W tym samym szeregu, co „Piekielną konkurencję” postawiłabym swoisty ukłon w stronę kultowego opowiadania Edgara Allana Poego, zatytułowany „Nowe morderstwa przy Rue Morgue”. Lekko kryminalną opowieść o mężczyźnie, który przybywa do Paryża na prośbę długoletniej przyjaciółki, której brata oskarżono o okrutne morderstwo dziewiętnastolatki. Przybysz rozpoczyna własne śledztwo, dzięki któremu trafia na ślad rosłego nieznajomego dzierżącego w ręku brzytwę, jakoś związanego z przebywającym w areszcie starszym mężczyzną. Jak przystało na Clive’a Barkera fabułę dosyć obficie podlano krwią i to w całkiem plastycznie oddanych ustępach obdzierania ludzi ze skóry, ale zabrakło mi większej tajemniczości w pierwszych partiach, dłuższego skupienia na zagęszczającej się atmosferze grozy. Wszystko inne, łącznie z dziwaczną naturą mordercy i lekko groteskowym morałem, tworzyło całkiem zgrabną całość, znajdowało się na swoim miejscu i gdyby tylko wzbogacić tę opowieść bardziej wyrazistym klimatem mogłoby z tego powstać niezapomniane dziełko.

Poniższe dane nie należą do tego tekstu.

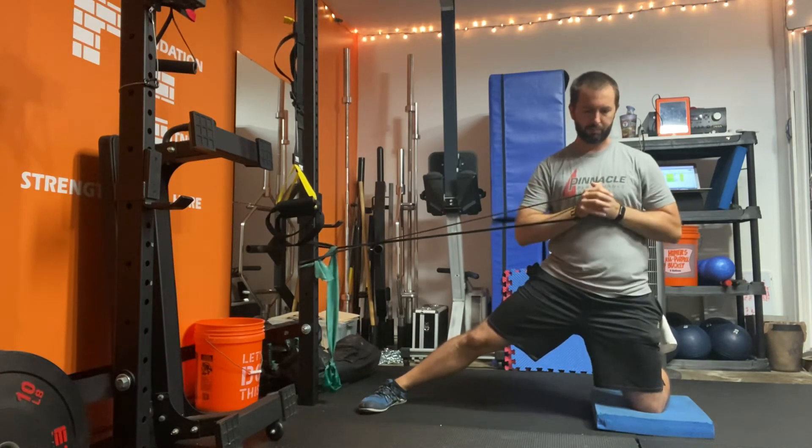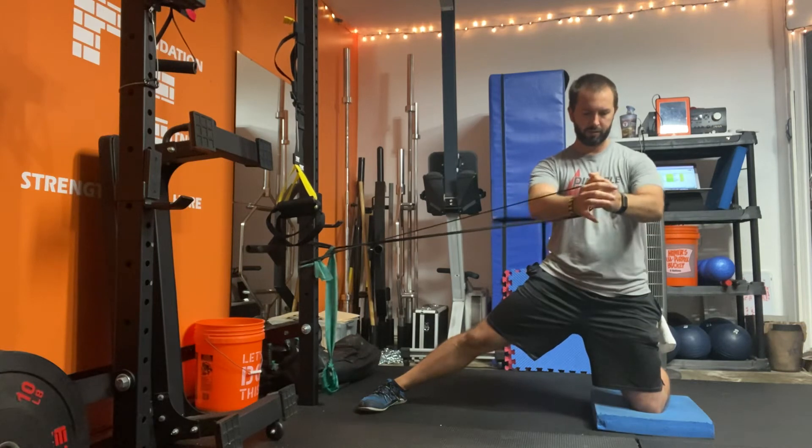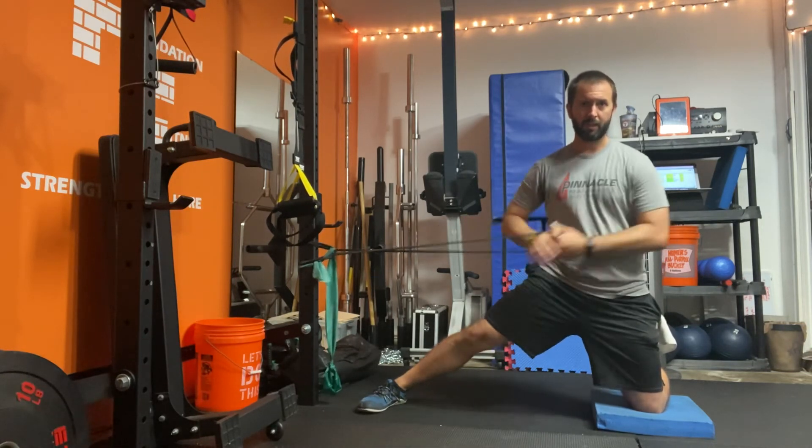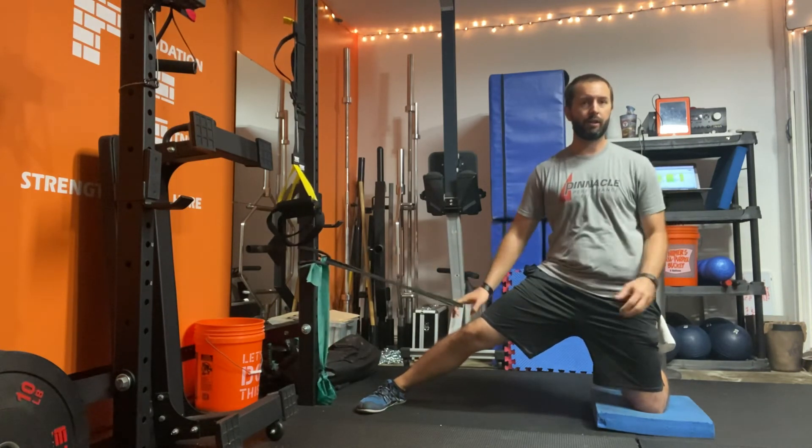Keep the breathing going — exhale on the press, inhale on the way back in. Try to stay tall. We're getting a little bit of something-something in here while we work that entire core section.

Czego nie mogę powiedzieć o moim zdaniem najgorszym utworze, zamieszczonym w drugiej „Księdze krwi”. „Skóry ojców” traktują o potworach, które pojawiają się w małym miasteczku w Arizonie i na pustynnych terenach otaczających owe ludzkie skupisko. Szukają chłopca, którego przed sześcioma laty zrobili z tutejszą kobietą. Do czasu wynurzeń Barkera na temat okrucieństwa ojczyma chłopca nie jest jeszcze tragicznie, choć przerywniki w formie spotkań potworów z innymi bohaterami opowiadania przynajmniej mnie nie przyniosły żadnej rozrywkowej wartości. Ale naprawdę nudno zrobiło się dopiero w drugiej partii, w trakcie ostatecznej konfrontacji ludzi z potworkami, mało makabrycznej i nazbyt popisowej, co nieco przesłoniło ciekawy zabieg demonizowania ludzi i uczłowieczania szkaradnych stworów, po który Barker kilka lat później z lepszym skutkiem sięgnął również w swojej powieści zatytułowanej „Cabal. Nocne plemię”.

Po lekturze drugiej „Księgi krwi” jestem zmuszona podtrzymać swój wniosek, że opowiadania Clive’a Barkera zyskałyby na wartości, gdyby polscy wydawcy zdecydowali się na bardziej staranne wznowienia. Ponadto tak samo, jak w pierwszym tomie warsztat początkującego wówczas pisarza pozostawia wiele do życzenia – nawet nie zbliża się do dojrzałości i opisowej obszerności, którymi charakteryzują się jego późniejsze publikacje, ale choćby przez wzgląd na pomysły i śmiałe podejście do aspektów gore zarówno pierwszy, jak i drugi tom „Ksiąg krwi” w moim odczuciu zasługują na uwagę wielbicieli prozy ekstremalnej.